Economies de chauffage dans les écoles de Marseille: "j'ai les mains et le bout du nez froids. Des élèves étaient gelés"

Des élèves qui grelottent, des maîtresses qui apportent leur propre radiateur en classe. En ce début d’hiver plusieurs écoles marseillaises ont de gros problèmes de chauffage. Soucis d’isolation, pannes à répétition et des directeurs qui s’improvisent parfois eux-mêmes réparateurs. Au bout de la chaîne c’est la mairie qui est pointée du doigt. Des enseignants accusent d’ailleurs la ville de faire des économies de chauffage sur le dos des élèves. Elle briderait exprès la température pour ne pas trop dépenser.

Une école de Marseille en 2016 / photo d'illustration. (ANNE-CHRISTINE POUJOULAT / AFP)
Reportage Sud Radio de Lionel Maillet

 

Dans cette  école maternelle prés du Vieux Port, les enseignants ont dû installer eux-même un petit chauffage d’appoint car en classe, les gros radiateurs au gaz ne sont pas suffisants, explique Barbara Miret du syndicat d’enseignants du SNUIPP.

"La mairie demande très clairement de faire des économies de bout de chandelle sur le chauffage, qui ne doit pas dépasser 19-20°."

 20 degrés maximum  reconnait la municipalité, qui se défend  de faire des économies sur le dos des enfants: "là par exemple j'ai les mains froides, le bout du nez froid. J'ai des élèves de moins de trois ans qui étaient gelés ce matin, puisqu'on est en classe dans des vieux locaux mal isolés, avec du jour sous la porte, de l'air qui passe et des plafonds très haut En température ressenti, il fait froid".

Une situation anormale également  pour les parents d’élèves, qui jugent ces économies "inadmissibles". Le cas est loin d’être isolé.

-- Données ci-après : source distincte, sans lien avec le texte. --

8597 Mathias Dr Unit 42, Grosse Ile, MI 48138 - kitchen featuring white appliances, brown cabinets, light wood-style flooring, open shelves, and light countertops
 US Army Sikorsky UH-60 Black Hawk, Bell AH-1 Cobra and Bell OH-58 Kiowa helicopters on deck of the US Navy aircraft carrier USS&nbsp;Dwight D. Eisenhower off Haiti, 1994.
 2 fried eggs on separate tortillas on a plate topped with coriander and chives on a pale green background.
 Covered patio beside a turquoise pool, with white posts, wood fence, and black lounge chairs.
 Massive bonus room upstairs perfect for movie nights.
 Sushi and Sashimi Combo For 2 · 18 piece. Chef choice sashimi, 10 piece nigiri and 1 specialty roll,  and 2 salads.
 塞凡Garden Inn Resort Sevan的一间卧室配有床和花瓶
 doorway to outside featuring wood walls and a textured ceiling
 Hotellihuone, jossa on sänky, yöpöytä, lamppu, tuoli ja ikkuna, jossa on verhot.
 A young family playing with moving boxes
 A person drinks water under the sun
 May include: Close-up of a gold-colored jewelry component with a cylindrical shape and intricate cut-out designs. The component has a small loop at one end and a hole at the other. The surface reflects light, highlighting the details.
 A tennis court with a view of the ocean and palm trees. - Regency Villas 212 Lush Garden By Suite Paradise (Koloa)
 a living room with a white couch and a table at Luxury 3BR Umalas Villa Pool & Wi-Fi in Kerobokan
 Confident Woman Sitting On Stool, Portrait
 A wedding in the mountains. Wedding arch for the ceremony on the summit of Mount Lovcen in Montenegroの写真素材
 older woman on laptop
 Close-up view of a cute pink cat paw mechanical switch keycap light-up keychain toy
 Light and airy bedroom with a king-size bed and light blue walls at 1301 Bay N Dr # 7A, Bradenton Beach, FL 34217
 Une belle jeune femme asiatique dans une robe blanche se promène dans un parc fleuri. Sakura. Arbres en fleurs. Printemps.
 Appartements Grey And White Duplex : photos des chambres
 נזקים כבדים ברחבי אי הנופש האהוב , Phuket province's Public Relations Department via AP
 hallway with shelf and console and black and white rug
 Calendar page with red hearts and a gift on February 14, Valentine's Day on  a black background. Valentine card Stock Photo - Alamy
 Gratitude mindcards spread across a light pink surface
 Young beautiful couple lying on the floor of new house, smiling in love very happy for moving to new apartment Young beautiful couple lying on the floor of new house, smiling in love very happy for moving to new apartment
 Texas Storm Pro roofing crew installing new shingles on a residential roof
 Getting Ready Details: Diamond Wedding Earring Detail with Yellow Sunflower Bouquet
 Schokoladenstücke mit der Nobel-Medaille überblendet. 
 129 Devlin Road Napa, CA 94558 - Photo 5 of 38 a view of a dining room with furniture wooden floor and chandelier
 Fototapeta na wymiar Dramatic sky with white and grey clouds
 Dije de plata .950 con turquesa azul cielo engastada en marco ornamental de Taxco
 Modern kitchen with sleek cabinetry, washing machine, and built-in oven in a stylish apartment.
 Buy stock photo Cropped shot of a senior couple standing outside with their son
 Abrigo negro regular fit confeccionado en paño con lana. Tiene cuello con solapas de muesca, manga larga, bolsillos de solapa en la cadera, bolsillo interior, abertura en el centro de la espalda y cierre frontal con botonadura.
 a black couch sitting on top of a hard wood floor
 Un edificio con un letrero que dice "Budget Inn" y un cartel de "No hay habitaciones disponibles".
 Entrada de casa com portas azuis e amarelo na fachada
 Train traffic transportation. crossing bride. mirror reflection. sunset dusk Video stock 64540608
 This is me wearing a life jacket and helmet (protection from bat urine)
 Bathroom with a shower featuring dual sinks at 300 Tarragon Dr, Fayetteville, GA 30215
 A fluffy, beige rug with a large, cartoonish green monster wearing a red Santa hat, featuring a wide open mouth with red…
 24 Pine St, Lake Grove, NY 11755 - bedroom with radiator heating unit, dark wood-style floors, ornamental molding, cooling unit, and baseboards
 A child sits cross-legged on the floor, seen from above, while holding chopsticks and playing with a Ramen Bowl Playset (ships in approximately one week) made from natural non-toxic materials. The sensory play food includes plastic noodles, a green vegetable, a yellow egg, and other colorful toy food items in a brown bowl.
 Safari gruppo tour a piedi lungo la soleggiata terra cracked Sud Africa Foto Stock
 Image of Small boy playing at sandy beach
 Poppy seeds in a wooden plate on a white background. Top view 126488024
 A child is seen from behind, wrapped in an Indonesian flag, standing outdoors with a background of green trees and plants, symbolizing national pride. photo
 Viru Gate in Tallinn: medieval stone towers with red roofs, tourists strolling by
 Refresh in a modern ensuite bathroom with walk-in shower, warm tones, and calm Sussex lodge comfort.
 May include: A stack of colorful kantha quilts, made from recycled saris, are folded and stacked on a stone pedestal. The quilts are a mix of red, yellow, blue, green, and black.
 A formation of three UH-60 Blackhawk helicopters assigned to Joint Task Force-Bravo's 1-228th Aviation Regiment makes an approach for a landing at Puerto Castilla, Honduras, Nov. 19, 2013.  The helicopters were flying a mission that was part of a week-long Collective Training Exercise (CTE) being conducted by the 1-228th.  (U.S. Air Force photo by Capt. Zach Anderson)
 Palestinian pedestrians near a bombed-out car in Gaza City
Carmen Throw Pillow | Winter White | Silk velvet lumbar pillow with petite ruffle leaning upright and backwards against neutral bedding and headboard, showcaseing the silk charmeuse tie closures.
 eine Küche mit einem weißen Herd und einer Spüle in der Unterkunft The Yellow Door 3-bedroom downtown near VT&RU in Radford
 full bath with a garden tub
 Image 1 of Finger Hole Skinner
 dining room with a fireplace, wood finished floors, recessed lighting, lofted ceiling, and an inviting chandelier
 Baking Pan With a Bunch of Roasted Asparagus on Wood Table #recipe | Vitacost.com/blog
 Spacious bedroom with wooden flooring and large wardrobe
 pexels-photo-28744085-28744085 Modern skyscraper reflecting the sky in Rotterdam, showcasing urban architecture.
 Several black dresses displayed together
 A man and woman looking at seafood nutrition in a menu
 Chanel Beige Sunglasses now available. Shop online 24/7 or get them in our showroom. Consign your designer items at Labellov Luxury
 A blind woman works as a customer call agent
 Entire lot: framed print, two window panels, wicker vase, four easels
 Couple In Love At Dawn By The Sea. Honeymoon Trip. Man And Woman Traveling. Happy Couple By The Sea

D'autres écoles marseillaise ont régulièrement des problèmes de chauffage comme ici dans le quartier du Panier où le directeur préfère rester anonyme: "de temps en temps il n'y a  plus de chauffage, la chaudière s'arrête. D'autant plus que notre école est récente, ce qui est assez fou. Il n'y a aucune isolation en toiture. Le compteur de gaz doit tourner à plein régime, et nos impôts payent du chauffage qui part en fumée dans les airs". Pour voir s’il faut vraiment intervenir, la mairie va venir elle-même contrôler la température dans les écoles qui se plaignent.